Patty Jenkins’s “Wonder Woman” does not disappoint. Sweeping the weekend box office with a global opening of $223 million, and boasting the biggest-ever opening for a film directed by a woman, it’s already made film history.
I agree with all the buzz: It is everything you want a Hollywood action and superhero movie to be. And it’s even more.
Perhaps its plot is a bit old-fashioned, as it borrows from the ancient Greeks: When men were first created by gods, they were good and fair and lived together happily. But Ares, son of Zeus, became jealous and sought to corrupt humankind. The gods then created the Amazons to protect humanity from corruption by Ares. Defeated in a deadly battle with other gods, Ares laid in wait for his chance to destroy humankind again. It became the Amazons’ mission to prevent this from happening.

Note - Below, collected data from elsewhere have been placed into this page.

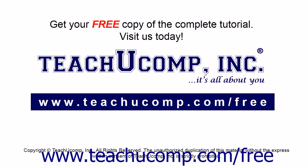Get your free copy of the complete tutorial at www.teachucomp.com forward slash free.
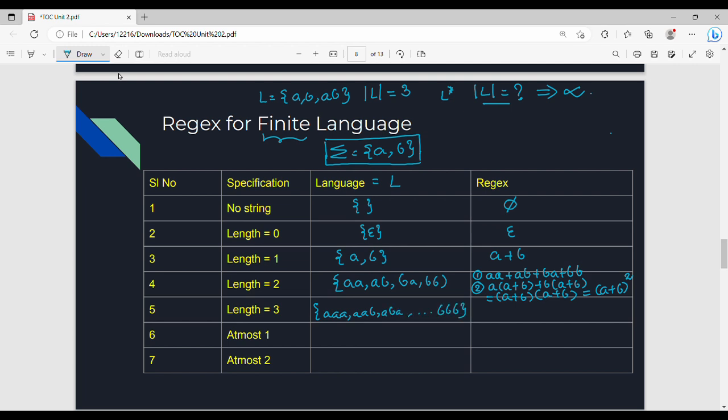For length 3, using the same approach, the corresponding regex is (a+b)³ — that is, (a+b) cubed.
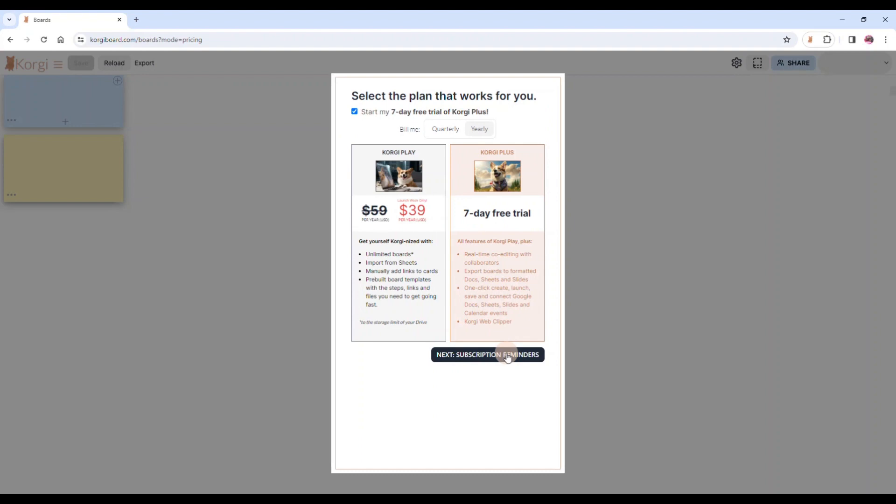We offer a seven-day free trial of Corgi Plus, which is the full experience of Corgi. We've got all of the boards in the templates and of course completely integrated with Google Workspace and now MS 365. And you're going to get a chance to extend the free trial too.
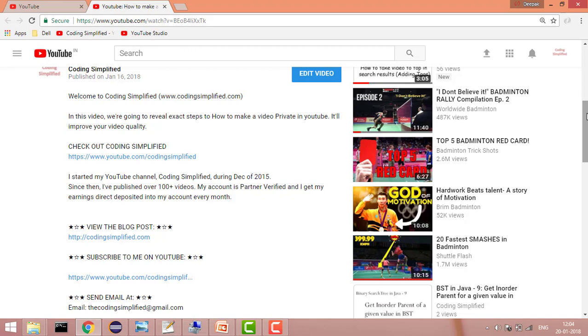So that's it guys for this video. If you have got your answer, then please like the video and please subscribe the channel for more such videos. Thank you.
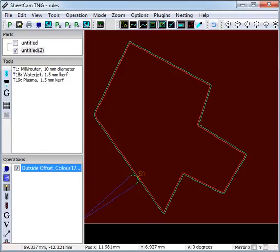This is a quick tutorial on cutting rules in SheetCam. This example focuses on plasma cutting, but it can also be useful for other methods of cutting.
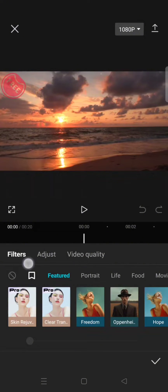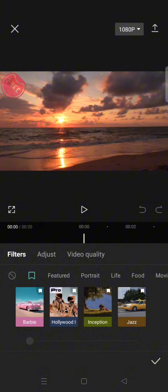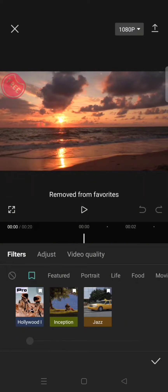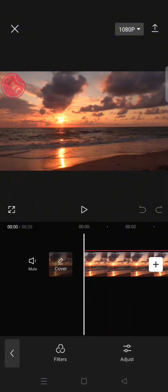Go to filter and you can see this is the favorite or save icon, and you'll easily find the filter that you have added before to your favorite. To remove it from this list, what you need to do is just long press on the filter like this — long press — and after that the filter will be removed from your favorite.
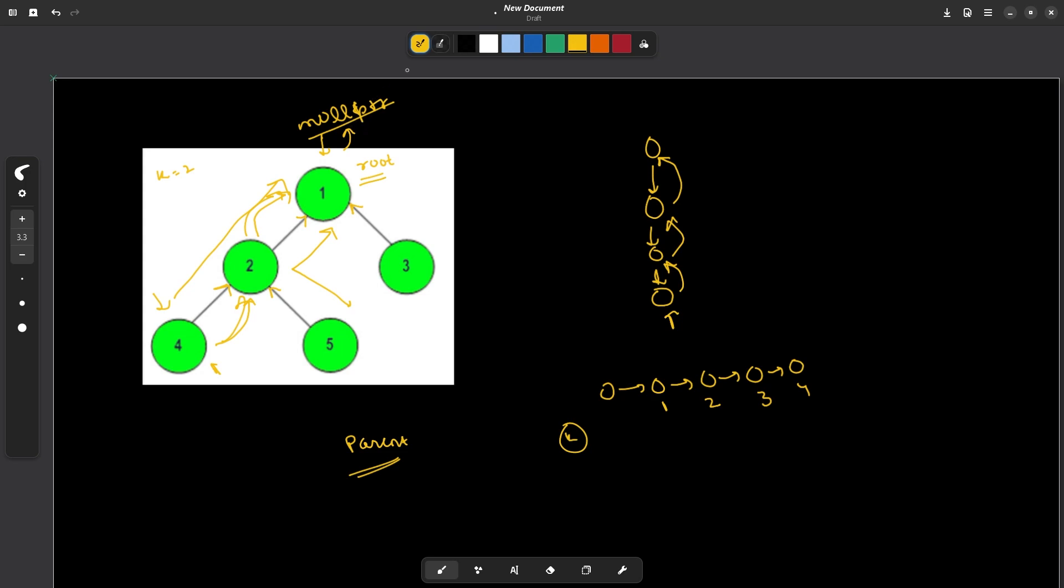So the key idea is very simple, you just need to maintain a parent array and at each step you can move to the parent of the current element and this is how you find the ancestor.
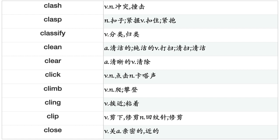Clash, Clasp, Classify, Clean, Clear, Click, Climb, Cling, Clip, Close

Within this classic setup, a completely new story unfolds. We meet young Diana and see her childhood on a stunningly beautiful paradise island, where she grows up in Amazonian graciousness and ease, becoming a mature, charming, strong, and fearless young woman—with superpowers—ready to save the world.

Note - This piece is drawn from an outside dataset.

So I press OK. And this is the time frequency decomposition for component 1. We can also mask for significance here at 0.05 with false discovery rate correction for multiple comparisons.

Then a plane bursts through the invisible shield around the island and crashes into the sea, in front of her eyes. From this moment on, everything changes, and she must do what she was born to do.

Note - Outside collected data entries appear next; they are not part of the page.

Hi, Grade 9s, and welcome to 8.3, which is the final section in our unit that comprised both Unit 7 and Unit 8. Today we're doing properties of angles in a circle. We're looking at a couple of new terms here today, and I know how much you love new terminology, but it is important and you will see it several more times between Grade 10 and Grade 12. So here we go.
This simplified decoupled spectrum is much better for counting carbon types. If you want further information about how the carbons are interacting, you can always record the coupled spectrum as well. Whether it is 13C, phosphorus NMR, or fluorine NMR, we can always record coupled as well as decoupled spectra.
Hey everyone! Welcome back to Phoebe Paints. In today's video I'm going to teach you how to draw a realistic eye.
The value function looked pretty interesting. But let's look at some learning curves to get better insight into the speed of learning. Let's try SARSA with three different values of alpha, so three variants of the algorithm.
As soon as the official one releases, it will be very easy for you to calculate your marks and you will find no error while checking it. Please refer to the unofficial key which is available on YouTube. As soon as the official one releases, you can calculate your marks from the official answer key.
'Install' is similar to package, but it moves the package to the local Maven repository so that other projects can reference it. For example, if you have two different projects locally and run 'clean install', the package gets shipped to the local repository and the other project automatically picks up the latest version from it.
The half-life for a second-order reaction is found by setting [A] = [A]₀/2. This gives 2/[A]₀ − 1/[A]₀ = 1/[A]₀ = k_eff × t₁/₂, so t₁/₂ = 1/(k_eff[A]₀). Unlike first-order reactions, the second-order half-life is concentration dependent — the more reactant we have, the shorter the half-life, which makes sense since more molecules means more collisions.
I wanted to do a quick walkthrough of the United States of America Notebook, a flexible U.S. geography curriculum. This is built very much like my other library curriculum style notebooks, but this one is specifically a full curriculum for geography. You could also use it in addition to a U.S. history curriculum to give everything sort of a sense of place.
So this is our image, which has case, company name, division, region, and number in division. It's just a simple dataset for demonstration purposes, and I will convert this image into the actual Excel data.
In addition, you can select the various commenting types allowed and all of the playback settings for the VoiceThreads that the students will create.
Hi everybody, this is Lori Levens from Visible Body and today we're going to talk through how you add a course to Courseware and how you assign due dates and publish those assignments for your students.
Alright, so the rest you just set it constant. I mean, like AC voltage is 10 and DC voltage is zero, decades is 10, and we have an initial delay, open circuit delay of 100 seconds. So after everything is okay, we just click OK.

You’ve likely heard of the plot by now. The pilot of the crashed plane escorts her back to the human world into the setting of World War I—the war Ares is using as an instrument to destroy humanity.
As the first headlining female superhero in many years, the character of Diana surpasses expectations. She is wise yet innocent, has a big and compassionate heart with firm faith and tremendous courage, and believes in her mission to such a degree that she charges out to complete it without doubt or hesitation.
Goodness itself becomes an all-powerful weapon. When Ares tries to convince Wonder Woman to give up, because humankind does not deserve her, she walks toward him with determination and declares, “They are everything you said, but so much more. It is not about being deserving. It’s about belief, and I believe in love!”
Thus, apart from a good story, “Wonder Woman” has a clear and completely positive theme, from beginning to end.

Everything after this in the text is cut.